Same photo of comet 2P/Encke, but the stars were removed with MiPS to better show the extended coma. (MiPS is an acronym for Microcomputer Image Processing System - version 2.0, 1993, by Buil, Klotz, Prat, Szczepaniak, & Thouvenot; copyright 1993, Christian Buil, France). This software is supplied with the Hi-SIS 22 CCD camera; but I am the author of this star removal routine - written in MiPS "macro code".

Comet Linear C/2002 T7

Comet LINEAR C/2002 T7 on 2/15/2004. A composite of 7 1-minute exposures started at 1:46pm UT. Taken with Meade LXD-55 10-inch at F/4 using a Hi-SIS 22 CCD camera with a Kodak KAF-0400 chip. The field is normally 0.26 by 0.39 degrees, but is cropped slightly here. There is a 1/4 deg. tail extending beyond the fov. The magnitude was measured with the MiPS "Phot" function as 7.5.

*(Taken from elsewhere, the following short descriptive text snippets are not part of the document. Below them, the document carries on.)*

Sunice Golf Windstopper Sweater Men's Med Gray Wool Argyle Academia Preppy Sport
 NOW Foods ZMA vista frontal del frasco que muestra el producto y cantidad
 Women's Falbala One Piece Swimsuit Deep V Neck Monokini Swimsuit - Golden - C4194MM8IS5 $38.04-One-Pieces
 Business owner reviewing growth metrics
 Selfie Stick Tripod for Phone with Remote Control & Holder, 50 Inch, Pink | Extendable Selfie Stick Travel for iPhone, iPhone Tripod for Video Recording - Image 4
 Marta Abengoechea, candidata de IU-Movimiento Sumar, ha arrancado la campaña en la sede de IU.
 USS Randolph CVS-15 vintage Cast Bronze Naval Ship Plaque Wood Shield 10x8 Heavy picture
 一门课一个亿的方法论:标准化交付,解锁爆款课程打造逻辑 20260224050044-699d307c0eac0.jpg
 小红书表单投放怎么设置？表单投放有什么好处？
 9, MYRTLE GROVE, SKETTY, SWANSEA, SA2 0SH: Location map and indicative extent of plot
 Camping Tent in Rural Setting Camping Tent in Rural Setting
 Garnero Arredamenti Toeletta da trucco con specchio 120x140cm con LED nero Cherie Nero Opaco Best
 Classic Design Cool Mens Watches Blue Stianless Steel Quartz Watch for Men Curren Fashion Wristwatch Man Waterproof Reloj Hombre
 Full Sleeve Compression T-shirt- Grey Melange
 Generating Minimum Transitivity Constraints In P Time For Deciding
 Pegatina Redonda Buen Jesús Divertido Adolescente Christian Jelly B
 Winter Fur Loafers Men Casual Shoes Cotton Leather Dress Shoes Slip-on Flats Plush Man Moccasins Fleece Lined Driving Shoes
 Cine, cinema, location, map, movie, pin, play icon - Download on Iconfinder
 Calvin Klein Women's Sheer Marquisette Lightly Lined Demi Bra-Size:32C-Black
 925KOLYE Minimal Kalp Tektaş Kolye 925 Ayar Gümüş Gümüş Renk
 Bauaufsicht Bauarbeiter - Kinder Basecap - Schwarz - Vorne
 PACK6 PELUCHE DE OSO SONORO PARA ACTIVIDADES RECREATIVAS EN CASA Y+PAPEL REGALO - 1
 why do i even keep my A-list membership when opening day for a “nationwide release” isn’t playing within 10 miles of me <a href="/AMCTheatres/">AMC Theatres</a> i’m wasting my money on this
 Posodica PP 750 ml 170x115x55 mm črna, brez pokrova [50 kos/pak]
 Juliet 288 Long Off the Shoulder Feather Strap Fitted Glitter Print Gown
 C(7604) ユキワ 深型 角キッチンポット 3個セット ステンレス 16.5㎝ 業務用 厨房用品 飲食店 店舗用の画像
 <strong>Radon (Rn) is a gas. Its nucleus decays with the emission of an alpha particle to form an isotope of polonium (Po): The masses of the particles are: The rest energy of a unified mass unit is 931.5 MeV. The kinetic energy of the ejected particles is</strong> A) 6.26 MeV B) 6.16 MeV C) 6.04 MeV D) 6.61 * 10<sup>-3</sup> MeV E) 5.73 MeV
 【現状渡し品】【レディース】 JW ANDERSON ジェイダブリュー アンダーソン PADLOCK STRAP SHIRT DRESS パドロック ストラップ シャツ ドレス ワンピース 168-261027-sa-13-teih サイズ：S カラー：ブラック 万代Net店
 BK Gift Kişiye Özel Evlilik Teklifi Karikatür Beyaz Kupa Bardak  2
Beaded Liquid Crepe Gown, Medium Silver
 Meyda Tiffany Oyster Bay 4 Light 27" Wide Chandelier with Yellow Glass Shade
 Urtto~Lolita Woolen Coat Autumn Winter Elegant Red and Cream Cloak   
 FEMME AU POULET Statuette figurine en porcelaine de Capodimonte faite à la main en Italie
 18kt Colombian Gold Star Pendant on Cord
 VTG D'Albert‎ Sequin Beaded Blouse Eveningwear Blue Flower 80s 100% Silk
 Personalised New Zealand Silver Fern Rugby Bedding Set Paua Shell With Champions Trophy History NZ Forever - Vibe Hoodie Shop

Comet Linear intensity slice

Comet LINEAR C/2002 T7 on 12/18/2003 2:58-3:13 Universal Time (UT). MiPS can measure and graph pixel intensities along a line, and this shows their values along a line through the coma and nucleus at right angles to the solar radius vector. (Note that the length of the trace is the same as the length of the graphs' x-axis. No pixel values below 7800 are shown, because a high-value was chosen to best show the nearly point-like nuclear condensation.)

At right, comet Hale-Bopp from 2:27 to 2:29 UT on 4/01/1997. This is a 2 minute exposure on Fuji G 400 speed color print film. The lens is a 5-inch aperture f/2.0 opaque projector lens which I mounted to a Pentax camera body. The lens was found at an antique store near Mile-Hi stadium in Denver for a ridiculously low price of $10 - yet it forms nice pinpoint star images. The observing location was my residence - about 25 miles north of Denver, Colorado. Note the clumpiness of the blue ion tail streaming to the right, and the yellowish dust tail arching down to the right.